Agent Governance: Why It Matters
AI agents are powerful — but without governance, they're unpredictable, expensive, and impossible to audit. Here's how curate-me.ai solves this.
blog-researcher — Researched governance frameworks and industry best practices
Claude (Opus 4.6) — Structured the argument and edited for clarity
Governed by curate-me.ai
The problem nobody talks about
Everyone's building AI agents. Very few are governing them.
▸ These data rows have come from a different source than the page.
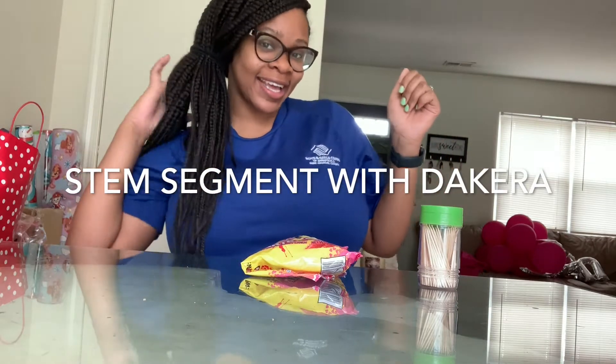Hi everyone, welcome back! Today we'll be learning about STEM — science, technology, engineering, and mathematics. My last segment focused on mathematics, so if you want to check that one out, make sure you do. Today we'll be focusing on the engineering part of STEM.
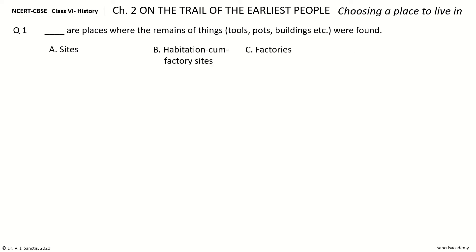Dash are places where the remains of things — tools, pots, buildings, etc. — were found. The options: Sites, Habitation-cum-Factory Sites, Factories, Habitation. Your time to choose. And the answer is Sites.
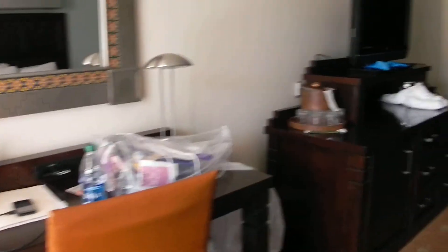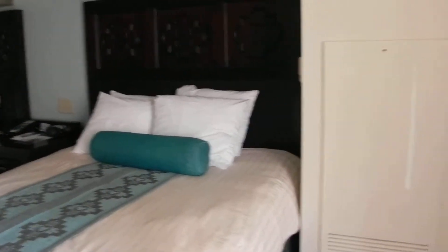This is the Coronado Springs Resort. It's a little messy with my stuff. I got the two-bedroom.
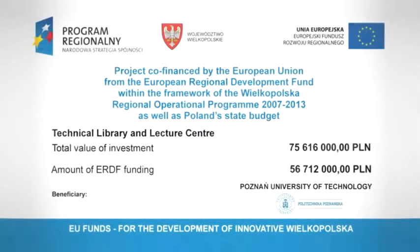The Technical Library and Conference Centre construction project received funding from the European Union's Bielka Polska Regional Operational Programme 2007–2013.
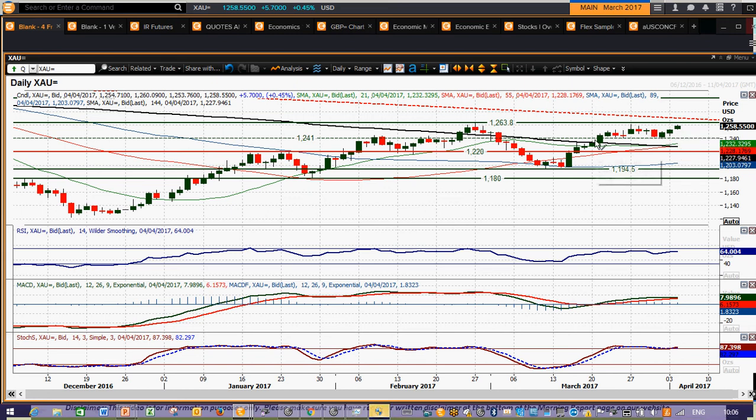We could be building for a test of these overhead levels, but whether we see gold sustaining that move and a break higher will probably depend on fundamental news flow. For now, the technicals are gathering momentum once again for the upside test. I wish you good luck in your trading, and I'll speak to you again tomorrow. Thank you.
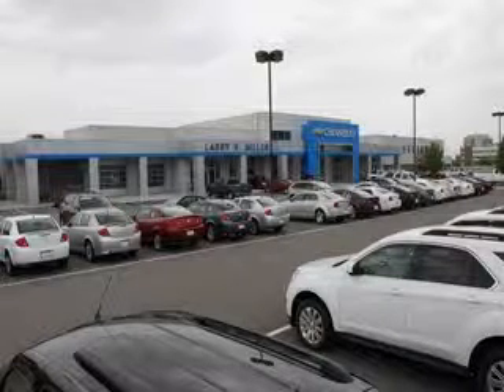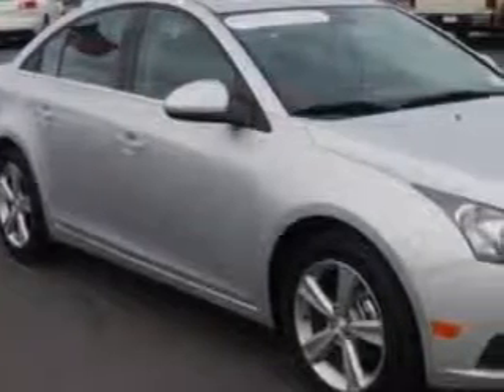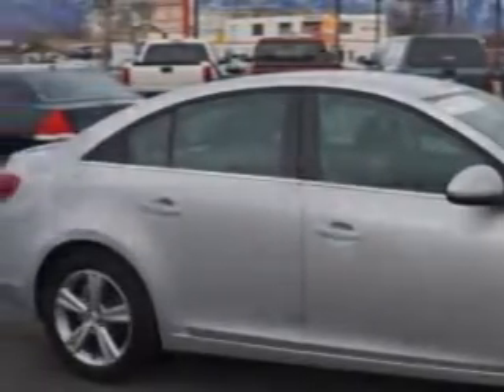Thank you for selecting Larry H. Miller Chevrolet Murray, where we have hundreds of new, pre-owned, and certified vehicles to choose from. Imagine driving this Silver Ice Metallic 2014 Chevrolet Cruze 2L Toto with 1SH, equipped with a 4-cylinder engine and an automatic transmission.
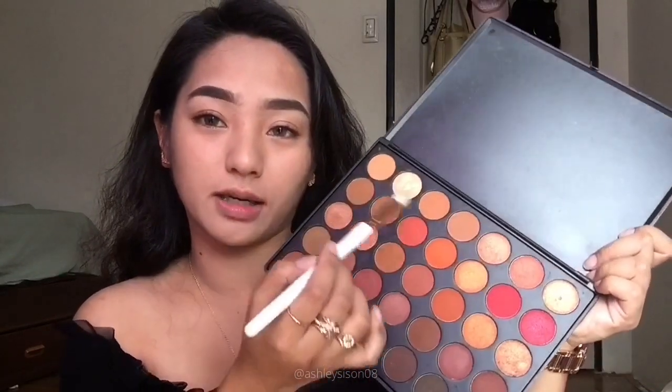Tapos yung pangalawa, si Maddie in fresh variant — gagamitin ko siya as my eyeshadow. And then lastly, si Nala from fresh variant also — gagamitin ko siya as my blush. Tapos yung lips ko, Maddie rin. So para lang sa base, gagamit ako ng eyeshadow from Morphe Palette, light na shade ng brown.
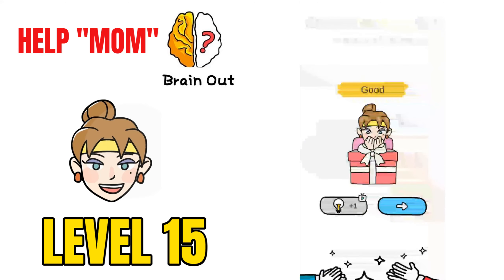We have solved challenge number 1 through challenge 15 of the Help Mom challenges. Hope you liked this video — do give it a thumbs up for more puzzles and riddles. Please subscribe to PuzzleAdda. Thanks for watching.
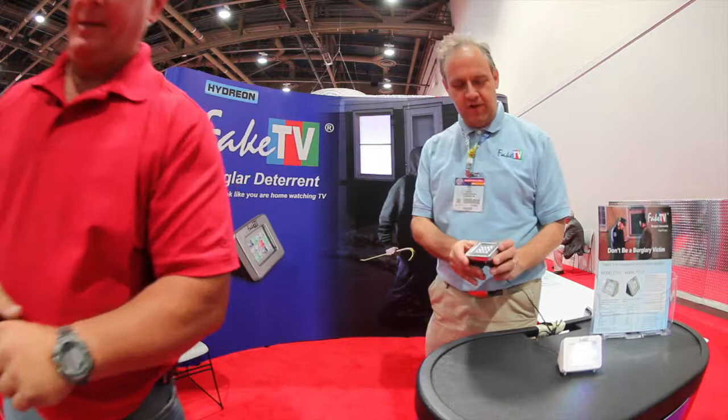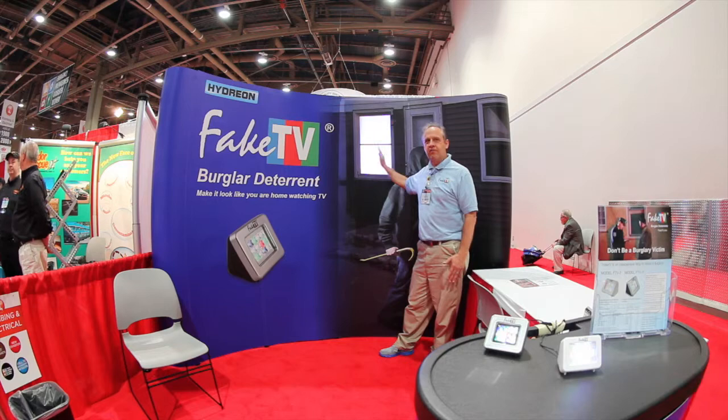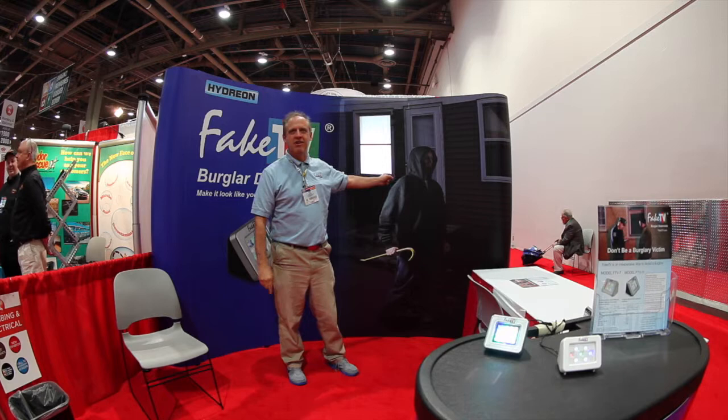Fake TV produces exactly the same sort of light as a real television. You place Fake TV behind the curtains — here we have a demonstration of it — and from outside it looks like you're home watching television. A potential burglar thinks you're home watching television, so he moves on and picks an easier target. It's really that simple.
Here's what happens when you deploy agents without governance:
- Cost blowouts — An agent enters a tool-calling loop and burns through $50 in API calls before anyone notices
- Data leaks — An agent with web access accidentally sends PII to a third-party API
- Audit gaps — Something goes wrong, and you can't reconstruct what the agent did or why
- Model drift — You switch from GPT-4 to Claude and nothing works because prompts were model-specific
These aren't hypothetical. I've hit every one of them while building this blog.
What governance actually means
Agent governance isn't about restricting what agents can do. It's about ensuring they do what they're supposed to do — reliably, safely, and within budget.
For this blog, governance means five things:
1. Cost caps
Every org on curate-me.ai has a cost budget. Every agent session has a per-turn and per-conversation limit. When the cap is hit, the agent stops — not crashes, stops gracefully.
Per-turn cap: $0.50
Per-conversation cap: $5.00
Daily org budget: $25.00
2. Tool profiles
Each agent gets exactly the tools it needs and nothing more. The moderator can't browse the web. The researcher can't modify files. The orchestrator can't execute code. This is enforced at the OpenClaw container level — the tools literally aren't available.
3. PII scanning
Every LLM call that goes through the gateway gets input and output scanned for personally identifiable information. If PII is detected, the call is flagged and can be blocked based on org policy.
4. Model allowlists
Not every model is appropriate for every task. The gateway enforces which models each org can use, preventing accidental (or intentional) use of expensive models for cheap tasks.
5. Audit trails
Every LLM call, every tool use, every webhook, every cost — all logged. When something goes wrong, you can trace exactly what happened, what it cost, and which agent did it.
The gateway architecture
All of this works because of one architectural decision: every LLM call goes through the curate-me.ai gateway.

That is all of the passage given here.